In a career that encompassed everything from big-budget Hollywood movies to classical theater, Rickman made bad behavior fascinating to watch.
One of his earliest successes was as the predatory French aristocrat Le Vicomte de Valmont in the original production of "Les Liaisons Dangereuses" by Christopher Hampton. The play, costarring Lindsay Duncan, was produced by the Royal Shakespeare Company in 1985 and later transferred to Broadway, where Rickman received a Tony Award nomination.
Hollywood took notice. Rickman was cast in "Die Hard" as Hans Gruber, a German terrorist wreaking havoc in a Los Angeles skyscraper who faces off with Bruce Willis. Other villain roles followed, but Rickman maintained that he has always been drawn to the actor's function as a narrative conduit.
"It might not be great, it might not be perfect, but it does answer the human need to sit there together and be told a story," he told The Times in 2011.
In the "Harry Potter" series, Rickman played Professor Severus Snape, a coldly hostile Hogwarts instructor who was one of Harry's main antagonists. The actor appeared in all eight of the "Potter" movies.

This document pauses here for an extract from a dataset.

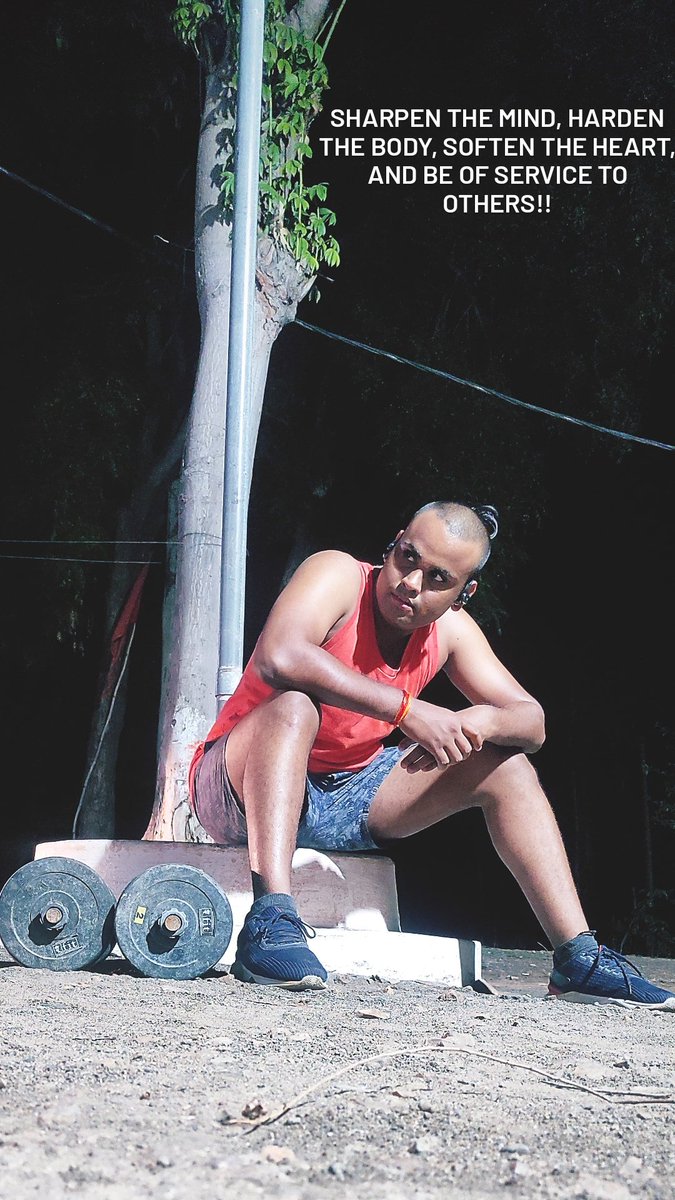 SoberShubham276's tweet image. Sharpen the mind, harden the body, soften the heart, and be of service to others!! 🏋️

#latenightworkout #fitness #weightsworkout #workout #gettingstrongereveryday #strongertomorrow #fitisthenewskinny #gettinginshape #strongerbytheday #homegymflow #fitandhappy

On Twitter, "Harry Potter" author J.K Rowling remembered Rickman as "a magnificent actor" and "wonderful man."
Rickman could use his deep voice and snobby aura to comic effect, as in his last Broadway appearance in the 2011 play "Seminar," in which he played an arrogant writer who deigns to teach an adult education course.

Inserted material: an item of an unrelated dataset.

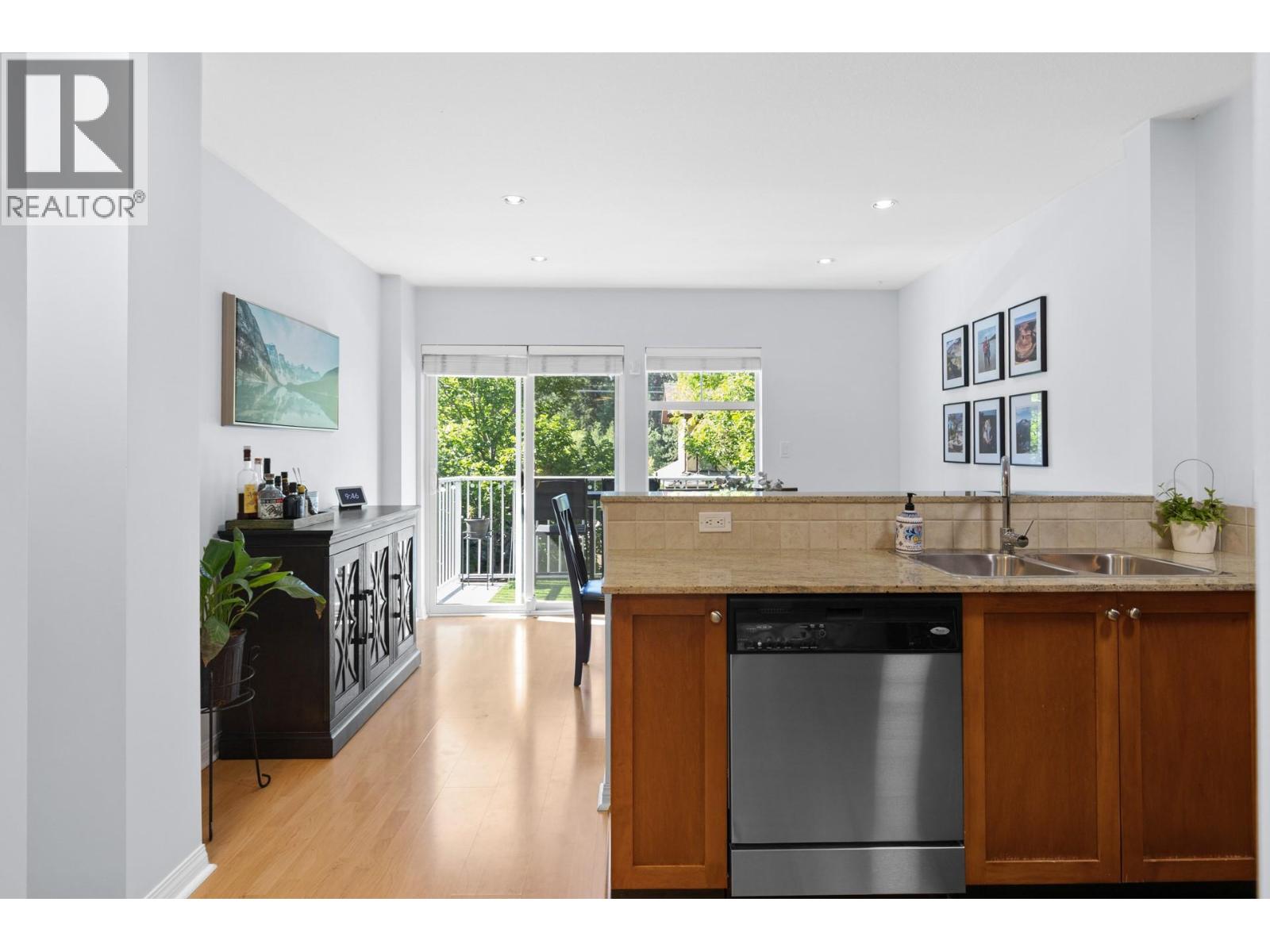 Picture for Unit #14, 1853 Parkview  Crescent https://www.cirrealty.ca/reb/bc/1/10364581_9.jpg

His comic skills were also put to memorable use in the 1999 movie "Galaxy Quest," in which he played a has-been actor from a "Star Trek"-like franchise.
Born to a working-class family in London, Rickman wasn't destined for the spotlight. His father, Bernard, was a factory worker who died when the young Rickman was only 8. His mother, Margaret, was a housewife who raised her four children on her own.

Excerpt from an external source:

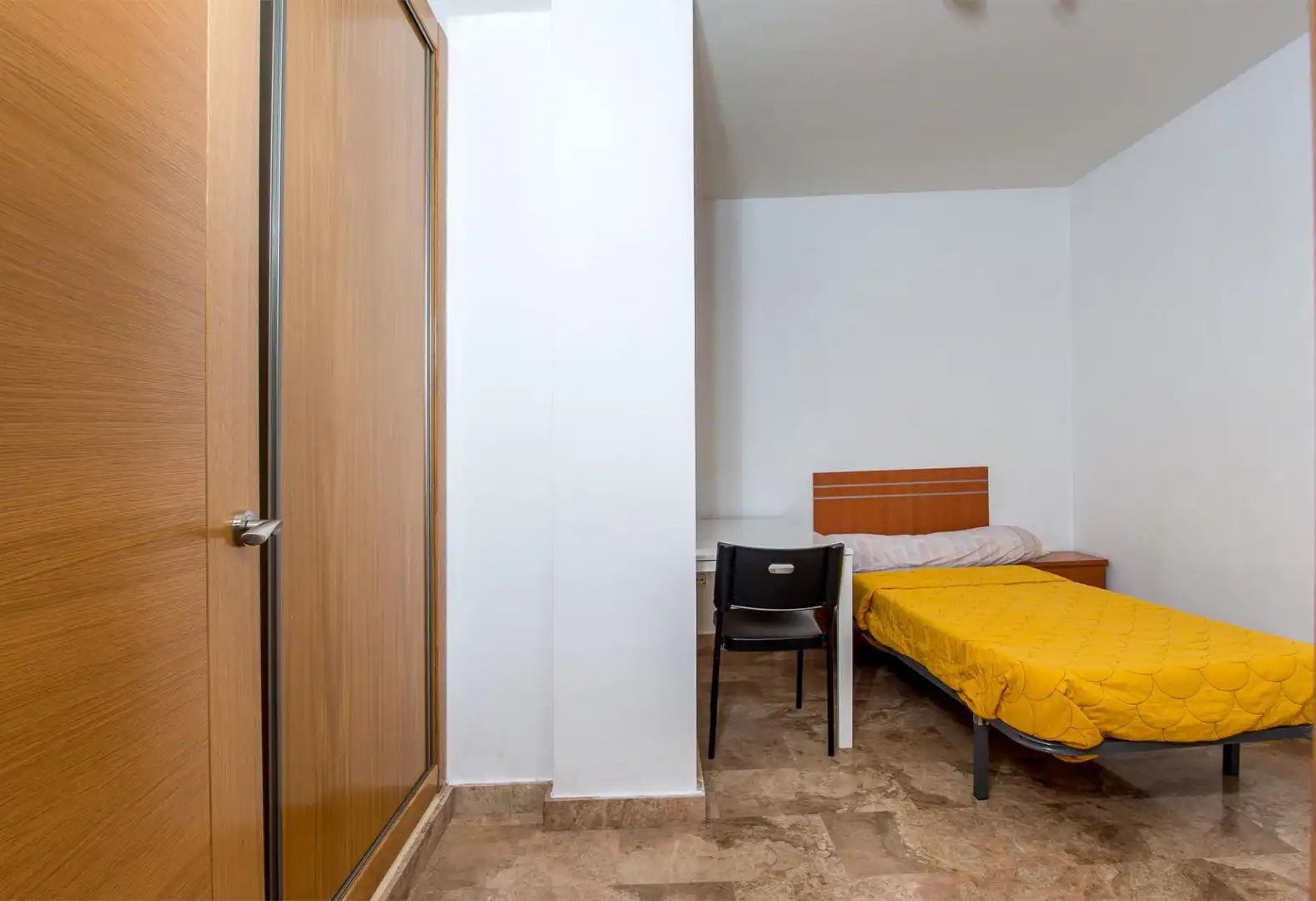 Bedroom of Flat for sale in Murcia  with Air Conditioner and Balcony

Rickman began his working life in the graphic design field and even co-founded a design company. But he decided to devote himself to acting upon enrolling at the Royal Academy of Dramatic Art on a scholarship.
As a young man, he played Shakespearean roles and other classical parts in companies throughout Britain.
Even after his success in movies, Rickman returned to the stage. He received a second Tony nomination for a 2002 revival of Noel Coward's "Private Lives," also costarring Duncan.
On screen, Rickman proved that he could be a subtle dramatic actor in movies as diverse as "Truly Madly Deeply" and "Sense and Sensibility."
Later in his career, he turned to directing movies. He directed Emma Thompson, a friend and frequent costar, in the 1997 movie "The Winter Guest." His costume drama "A Little Chaos," starring Kate Winslet, opened in theaters last year.
Before he died, the actor filmed a role for "Eye in the Sky," a contemporary movie about drone warfare, starring Helen Mirren, that is set to be released in March. The two actors previously appeared in a popular but critically derided production of Shakespeare's "Antony and Cleopatra" at the National Theatre in 1998.
Rickman is survived by his wife, Rima.
For all the intimidating characters that he took on, Rickman maintained that he was not the people he played.
Those characters "are just people to me," he once told The Times. "I'm a lot less serious than people think."